• Task instructions:
Write each line out exactly, from the one containing "A color bar" through the final line of the data, and keep pictures out of the copy.

Source records below:

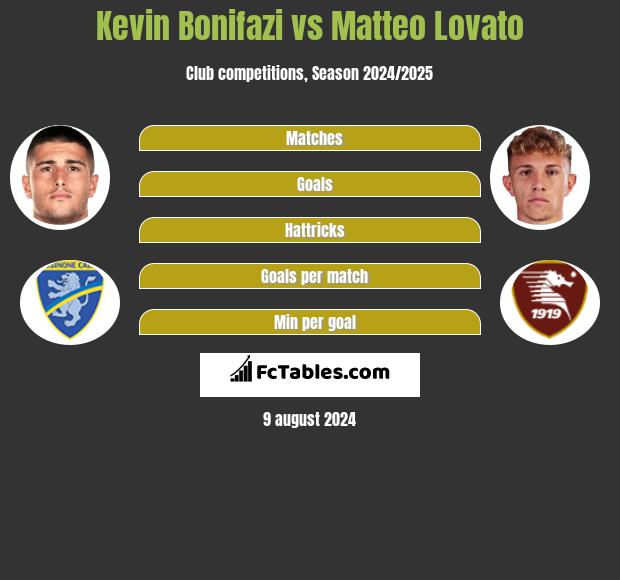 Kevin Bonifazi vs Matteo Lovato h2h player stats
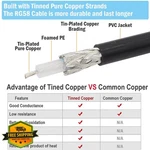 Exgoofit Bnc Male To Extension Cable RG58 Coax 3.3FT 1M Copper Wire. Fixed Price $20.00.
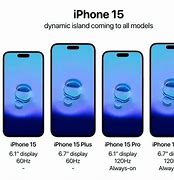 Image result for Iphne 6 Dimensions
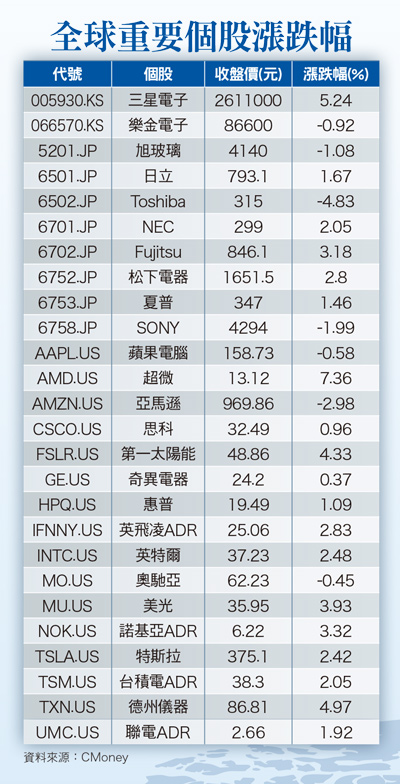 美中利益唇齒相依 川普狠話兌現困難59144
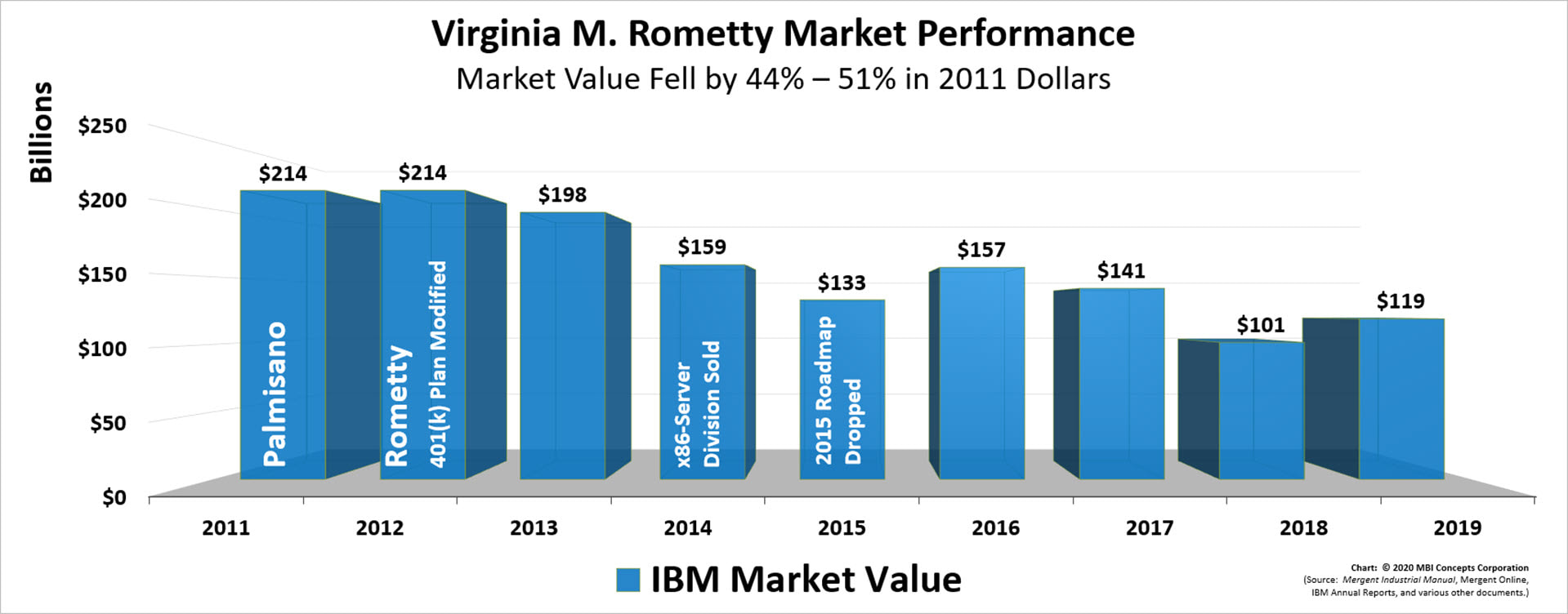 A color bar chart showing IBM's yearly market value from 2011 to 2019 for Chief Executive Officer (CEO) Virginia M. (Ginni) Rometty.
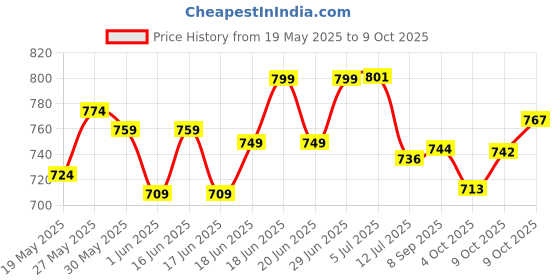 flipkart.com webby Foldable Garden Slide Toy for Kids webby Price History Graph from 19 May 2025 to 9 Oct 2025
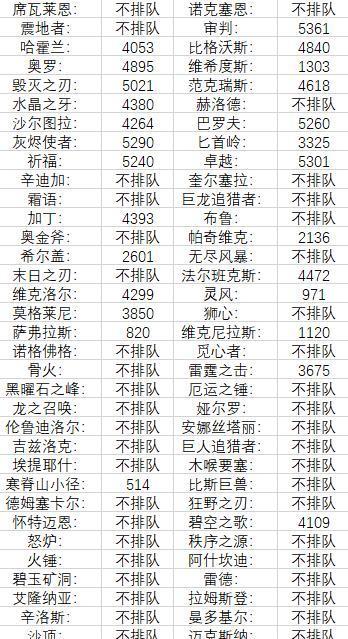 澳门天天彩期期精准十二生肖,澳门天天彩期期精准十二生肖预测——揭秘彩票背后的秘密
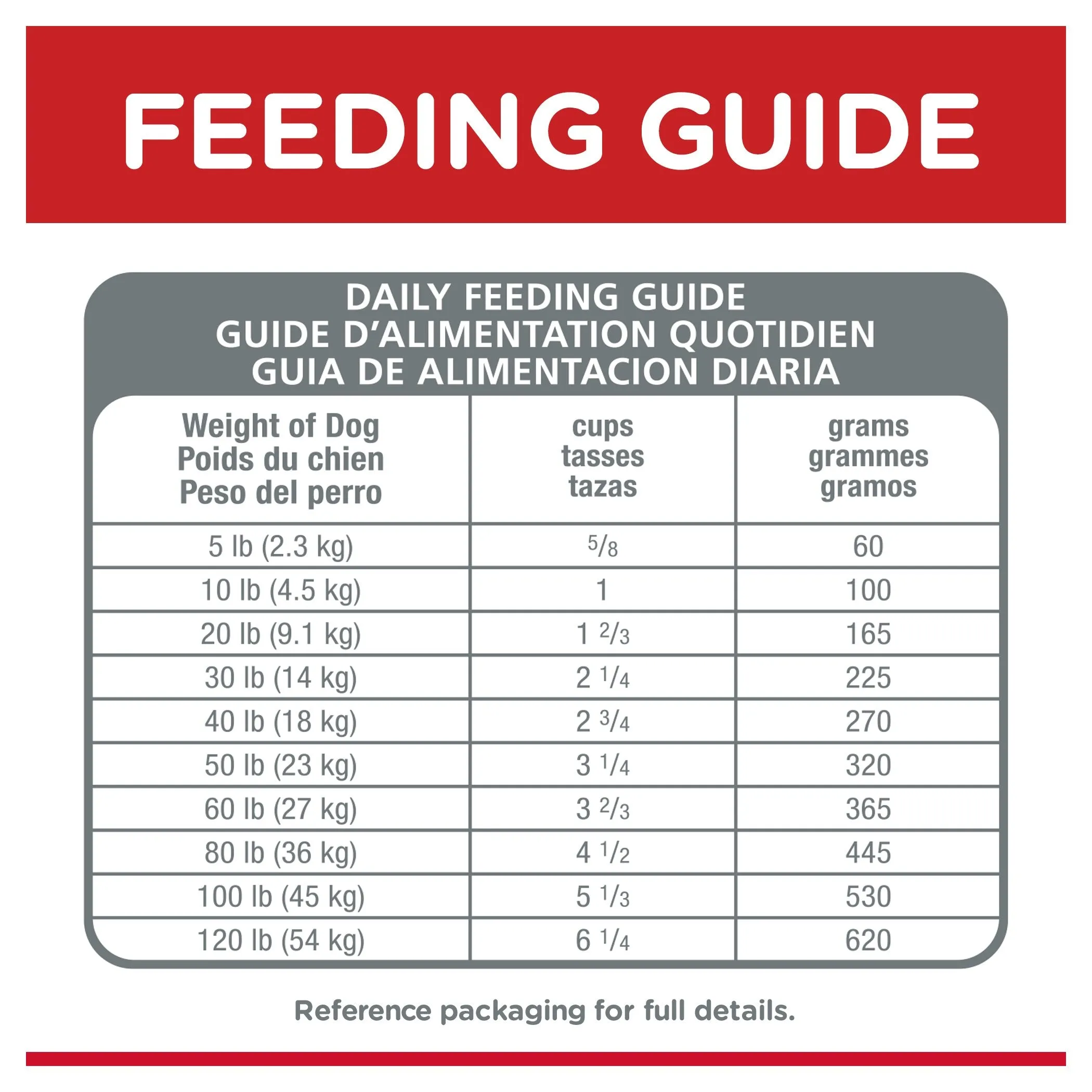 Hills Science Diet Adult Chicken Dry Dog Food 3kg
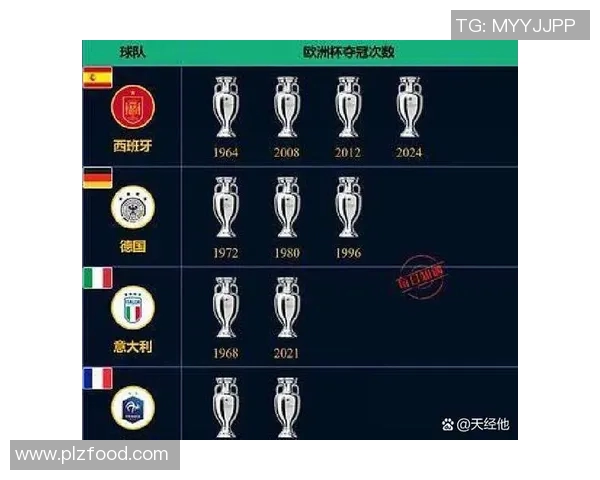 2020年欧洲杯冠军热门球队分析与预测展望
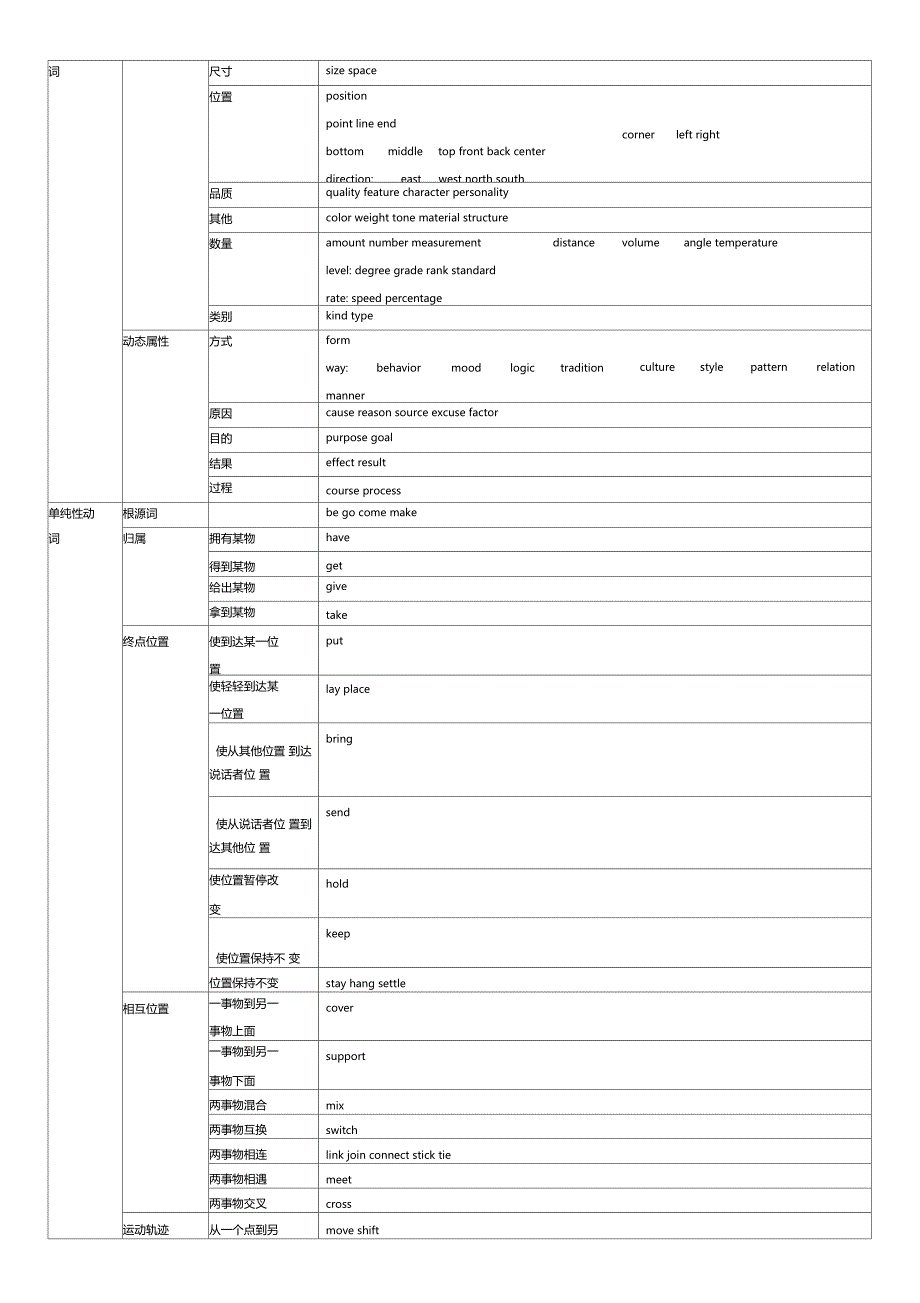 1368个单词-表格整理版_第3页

End of Source records.

• Response box:
 A color bar chart showing IBM's yearly market value from 2011 to 2019 for Chief Executive Officer (CEO) Virginia M. (Ginni) Rometty.
 flipkart.com webby Foldable Garden Slide Toy for Kids webby Price History Graph from 19 May 2025 to 9 Oct 2025
 澳门天天彩期期精准十二生肖,澳门天天彩期期精准十二生肖预测——揭秘彩票背后的秘密
 Hills Science Diet Adult Chicken Dry Dog Food 3kg
 2020年欧洲杯冠军热门球队分析与预测展望
 1368个单词-表格整理版_第3页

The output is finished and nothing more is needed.